FOR IMMEDIATE RELEASE
Thursday, July 03, 2014
Contact: Dave Wellman, Director of Communications (304) 696-7153
HSTA Summer Institute to attract 112 students from southern West Virginia
HUNTINGTON, W.Va. – About 112 high school students from southern West Virginia will visit Marshall University’s Huntington campus July 13-18 to take part in the annual Health Sciences and Technology Academy (HSTA) Summer Institute, conducted in collaboration with West Virginia University.
This will be the 10th year of “Fun With Science” at Marshall, which enables the students to learn more about science and the opportunities that are available to students majoring in science.

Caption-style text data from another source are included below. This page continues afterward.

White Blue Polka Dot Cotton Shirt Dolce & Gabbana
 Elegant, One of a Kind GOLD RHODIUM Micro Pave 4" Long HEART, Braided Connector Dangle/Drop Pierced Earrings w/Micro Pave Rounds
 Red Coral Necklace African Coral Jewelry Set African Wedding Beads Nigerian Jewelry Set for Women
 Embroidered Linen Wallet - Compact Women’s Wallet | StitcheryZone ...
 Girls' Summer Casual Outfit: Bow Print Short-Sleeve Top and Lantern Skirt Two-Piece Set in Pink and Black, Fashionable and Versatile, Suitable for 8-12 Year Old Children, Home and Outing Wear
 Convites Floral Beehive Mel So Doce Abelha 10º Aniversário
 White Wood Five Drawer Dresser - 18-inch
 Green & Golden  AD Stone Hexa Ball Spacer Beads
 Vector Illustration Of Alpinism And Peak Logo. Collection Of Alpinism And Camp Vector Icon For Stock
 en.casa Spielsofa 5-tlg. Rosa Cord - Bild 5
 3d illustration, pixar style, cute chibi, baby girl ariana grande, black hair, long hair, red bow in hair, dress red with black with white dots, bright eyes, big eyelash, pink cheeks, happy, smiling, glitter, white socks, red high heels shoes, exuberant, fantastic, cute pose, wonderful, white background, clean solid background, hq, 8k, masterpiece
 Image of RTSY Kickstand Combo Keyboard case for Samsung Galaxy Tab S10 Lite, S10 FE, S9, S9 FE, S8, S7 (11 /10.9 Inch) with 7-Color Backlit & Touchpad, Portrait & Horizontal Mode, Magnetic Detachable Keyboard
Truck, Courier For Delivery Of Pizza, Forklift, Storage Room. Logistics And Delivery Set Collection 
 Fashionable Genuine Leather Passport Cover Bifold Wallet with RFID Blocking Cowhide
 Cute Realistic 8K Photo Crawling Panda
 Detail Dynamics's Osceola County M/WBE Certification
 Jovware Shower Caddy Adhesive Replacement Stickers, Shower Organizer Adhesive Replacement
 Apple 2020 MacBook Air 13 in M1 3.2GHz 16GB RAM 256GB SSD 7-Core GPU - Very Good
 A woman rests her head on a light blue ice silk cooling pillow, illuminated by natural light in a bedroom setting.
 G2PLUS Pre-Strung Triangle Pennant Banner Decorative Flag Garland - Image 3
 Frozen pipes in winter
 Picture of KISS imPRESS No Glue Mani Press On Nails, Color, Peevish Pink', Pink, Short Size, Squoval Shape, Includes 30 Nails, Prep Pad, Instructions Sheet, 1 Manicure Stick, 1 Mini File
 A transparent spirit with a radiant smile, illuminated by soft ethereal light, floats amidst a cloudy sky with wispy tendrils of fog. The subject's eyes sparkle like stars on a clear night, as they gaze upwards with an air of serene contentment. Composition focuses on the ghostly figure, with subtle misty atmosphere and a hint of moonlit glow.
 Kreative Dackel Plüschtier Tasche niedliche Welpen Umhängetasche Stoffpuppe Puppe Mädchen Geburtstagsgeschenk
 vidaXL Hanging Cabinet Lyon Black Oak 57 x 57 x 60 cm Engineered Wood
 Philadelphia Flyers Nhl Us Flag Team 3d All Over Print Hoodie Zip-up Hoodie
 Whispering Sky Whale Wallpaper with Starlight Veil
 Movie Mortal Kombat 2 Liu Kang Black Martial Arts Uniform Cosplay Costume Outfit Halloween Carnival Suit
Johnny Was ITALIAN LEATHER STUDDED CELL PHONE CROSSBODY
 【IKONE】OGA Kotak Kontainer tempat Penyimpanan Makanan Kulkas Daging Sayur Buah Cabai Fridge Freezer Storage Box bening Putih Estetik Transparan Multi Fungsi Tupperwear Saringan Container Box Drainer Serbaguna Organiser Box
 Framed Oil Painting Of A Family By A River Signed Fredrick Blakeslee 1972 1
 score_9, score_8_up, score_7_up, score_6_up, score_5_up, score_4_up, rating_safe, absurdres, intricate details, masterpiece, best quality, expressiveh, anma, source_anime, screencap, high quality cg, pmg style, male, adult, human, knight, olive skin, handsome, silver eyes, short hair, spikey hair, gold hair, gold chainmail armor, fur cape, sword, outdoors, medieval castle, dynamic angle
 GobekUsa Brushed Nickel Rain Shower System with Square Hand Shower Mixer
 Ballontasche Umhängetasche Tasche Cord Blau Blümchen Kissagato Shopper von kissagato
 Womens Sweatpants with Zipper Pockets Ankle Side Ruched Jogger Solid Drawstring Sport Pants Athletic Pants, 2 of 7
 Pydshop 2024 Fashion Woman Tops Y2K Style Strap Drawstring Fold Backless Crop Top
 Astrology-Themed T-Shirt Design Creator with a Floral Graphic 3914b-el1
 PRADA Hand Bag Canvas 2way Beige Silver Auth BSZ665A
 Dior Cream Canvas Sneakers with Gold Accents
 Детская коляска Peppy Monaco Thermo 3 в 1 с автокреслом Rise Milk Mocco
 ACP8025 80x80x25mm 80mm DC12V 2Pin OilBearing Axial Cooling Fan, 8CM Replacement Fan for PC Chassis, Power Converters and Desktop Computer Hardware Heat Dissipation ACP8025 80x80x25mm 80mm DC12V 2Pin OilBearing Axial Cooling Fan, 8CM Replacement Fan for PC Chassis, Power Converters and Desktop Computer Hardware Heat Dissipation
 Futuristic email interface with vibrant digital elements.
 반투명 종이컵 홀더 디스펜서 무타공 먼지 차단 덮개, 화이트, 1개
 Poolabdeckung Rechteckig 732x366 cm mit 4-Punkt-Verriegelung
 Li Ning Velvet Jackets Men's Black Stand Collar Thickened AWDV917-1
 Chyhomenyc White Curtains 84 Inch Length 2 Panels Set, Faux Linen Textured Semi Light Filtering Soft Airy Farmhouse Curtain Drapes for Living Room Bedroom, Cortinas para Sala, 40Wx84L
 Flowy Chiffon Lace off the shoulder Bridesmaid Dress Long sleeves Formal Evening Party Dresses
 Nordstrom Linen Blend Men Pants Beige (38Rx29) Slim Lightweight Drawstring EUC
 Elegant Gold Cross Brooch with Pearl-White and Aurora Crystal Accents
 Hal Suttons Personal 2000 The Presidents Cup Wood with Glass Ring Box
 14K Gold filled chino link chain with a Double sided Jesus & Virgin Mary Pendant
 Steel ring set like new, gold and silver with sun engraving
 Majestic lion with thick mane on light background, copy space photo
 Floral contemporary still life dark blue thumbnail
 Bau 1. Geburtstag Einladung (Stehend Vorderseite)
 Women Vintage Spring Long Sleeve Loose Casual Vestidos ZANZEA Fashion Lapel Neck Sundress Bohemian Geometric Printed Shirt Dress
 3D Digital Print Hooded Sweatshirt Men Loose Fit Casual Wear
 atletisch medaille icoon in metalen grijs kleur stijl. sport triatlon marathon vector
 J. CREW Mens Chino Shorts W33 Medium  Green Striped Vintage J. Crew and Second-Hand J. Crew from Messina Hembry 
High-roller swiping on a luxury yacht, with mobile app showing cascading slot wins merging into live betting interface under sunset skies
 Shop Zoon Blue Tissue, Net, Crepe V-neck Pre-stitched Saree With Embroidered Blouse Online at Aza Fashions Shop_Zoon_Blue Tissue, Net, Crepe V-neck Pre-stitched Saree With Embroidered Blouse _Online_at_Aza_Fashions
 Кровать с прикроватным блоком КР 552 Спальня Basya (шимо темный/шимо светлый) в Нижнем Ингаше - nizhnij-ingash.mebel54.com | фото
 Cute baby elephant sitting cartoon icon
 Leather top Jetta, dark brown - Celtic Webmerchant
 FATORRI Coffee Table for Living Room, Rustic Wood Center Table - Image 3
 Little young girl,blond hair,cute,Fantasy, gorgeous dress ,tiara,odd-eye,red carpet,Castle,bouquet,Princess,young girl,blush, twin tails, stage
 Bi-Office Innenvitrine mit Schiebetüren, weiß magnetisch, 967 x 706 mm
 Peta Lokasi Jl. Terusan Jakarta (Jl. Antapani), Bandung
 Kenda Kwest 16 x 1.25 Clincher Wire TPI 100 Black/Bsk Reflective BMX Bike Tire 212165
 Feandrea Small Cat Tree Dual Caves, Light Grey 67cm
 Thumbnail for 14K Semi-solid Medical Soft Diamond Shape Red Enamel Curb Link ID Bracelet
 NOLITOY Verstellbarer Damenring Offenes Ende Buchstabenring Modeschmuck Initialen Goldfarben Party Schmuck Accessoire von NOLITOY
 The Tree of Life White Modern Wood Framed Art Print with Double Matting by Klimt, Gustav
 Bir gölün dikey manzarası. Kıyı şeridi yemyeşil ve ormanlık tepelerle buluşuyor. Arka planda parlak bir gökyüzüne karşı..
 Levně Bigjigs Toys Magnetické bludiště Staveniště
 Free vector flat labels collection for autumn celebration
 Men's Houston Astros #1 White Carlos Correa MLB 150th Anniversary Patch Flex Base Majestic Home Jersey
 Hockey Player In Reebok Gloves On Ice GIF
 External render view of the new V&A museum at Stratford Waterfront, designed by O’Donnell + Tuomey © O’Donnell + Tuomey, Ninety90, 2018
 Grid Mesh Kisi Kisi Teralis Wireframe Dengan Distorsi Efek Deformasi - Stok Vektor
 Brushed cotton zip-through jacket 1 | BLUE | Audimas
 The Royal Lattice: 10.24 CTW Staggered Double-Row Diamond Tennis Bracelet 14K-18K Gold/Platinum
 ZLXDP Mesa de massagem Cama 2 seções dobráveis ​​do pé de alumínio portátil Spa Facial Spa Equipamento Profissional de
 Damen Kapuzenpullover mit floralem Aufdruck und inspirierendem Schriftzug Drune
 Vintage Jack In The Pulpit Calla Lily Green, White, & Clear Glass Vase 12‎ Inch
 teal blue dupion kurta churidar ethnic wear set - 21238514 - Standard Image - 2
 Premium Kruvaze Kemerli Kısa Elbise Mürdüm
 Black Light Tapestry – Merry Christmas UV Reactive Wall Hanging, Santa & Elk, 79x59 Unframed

“The Health Sciences and Technology Academy's (HSTA) vision was founded in 1994 on the faith, resilience, spirit and commitment of individuals, communities and universities throughout the state,” said Ann Chester, state director of HSTA. “HSTA is a 9th-12th grade math and science enrichment program built in West Virginia, by West Virginians, for West Virginians which encourages aspirations, opens doors, and empowers minority and underrepresented students and communities.
“This partnership brings students and teachers to campuses each summer for laboratory and classroom training and activities. The partnership then provides the infrastructure and support for community-based science projects mentored by scientists, teachers, health professionals, students and volunteer community leaders during the school year. Through HSTA, our students and alumni are building a better tomorrow by improving our education, our lifestyles, our health literacy and our communities today.”
The week will get underway at 5 p.m. Sunday, July 13, with the annual HSTA Summer Institute kickoff dinner in room BE5, located on the lower level of the Memorial Student Center on the Huntington campus. All 112 students, plus many HSTA club teachers, HSTA field site coordinators and MU department chairs, faculty and staff will attend the dinner.
“This statewide initiative was created to inspire and teach first-generation, rural and African American youth to attend college and offset the disparity of this population in science and health care professions,” said David Cartwright, director of the HSTA summer Institute.
Cartwright said the program is important for the HSTA students in many ways. One of the most important, he said, is that they find Marshall to be a warm and friendly place so that in the future, they may choose MU as their university.
The goal of HSTA is to increase the number of underrepresented and minority students who complete a postsecondary education in the health professions and remain in West Virginia as primary caregivers. The program was established with 45 students from two counties in 1994.
Co-directors of the event are Maurice Cooley, Dr. Girmay Berhie and Mark Mallory. Helen Bonham will assist Cartwright, Cooley, Berhie and Mallory.